→ Aim of the exercise
Reproduce the listing below from the line with "Продажа однокомнатной квартиры" to the line with "关于写现看篮球的精彩片段400字", both lines included, character for character, minus any pictures.

→ The input
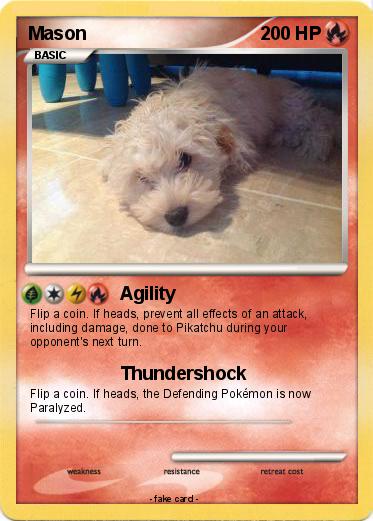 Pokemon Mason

--

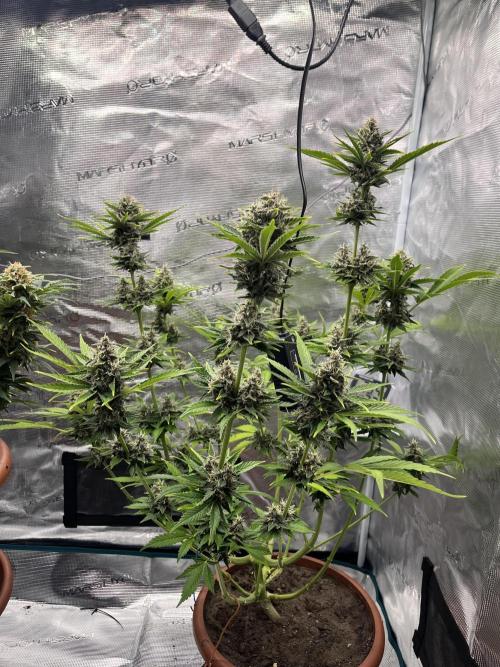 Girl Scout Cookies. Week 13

...

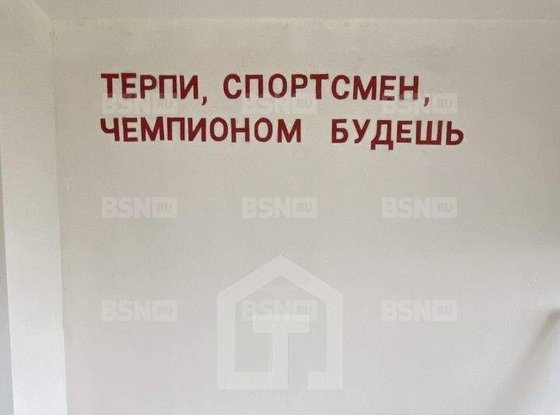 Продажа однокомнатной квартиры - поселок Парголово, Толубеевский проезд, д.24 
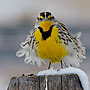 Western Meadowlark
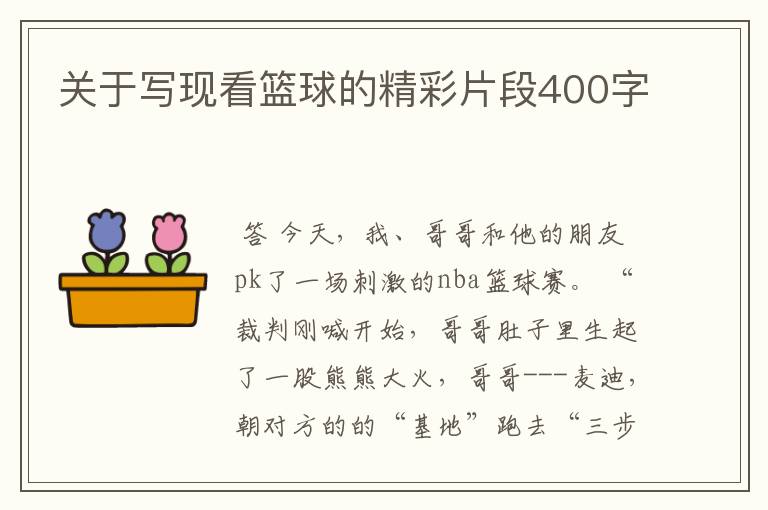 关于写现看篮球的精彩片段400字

→ Task output
 Продажа однокомнатной квартиры - поселок Парголово, Толубеевский проезд, д.24 
 Western Meadowlark
 关于写现看篮球的精彩片段400字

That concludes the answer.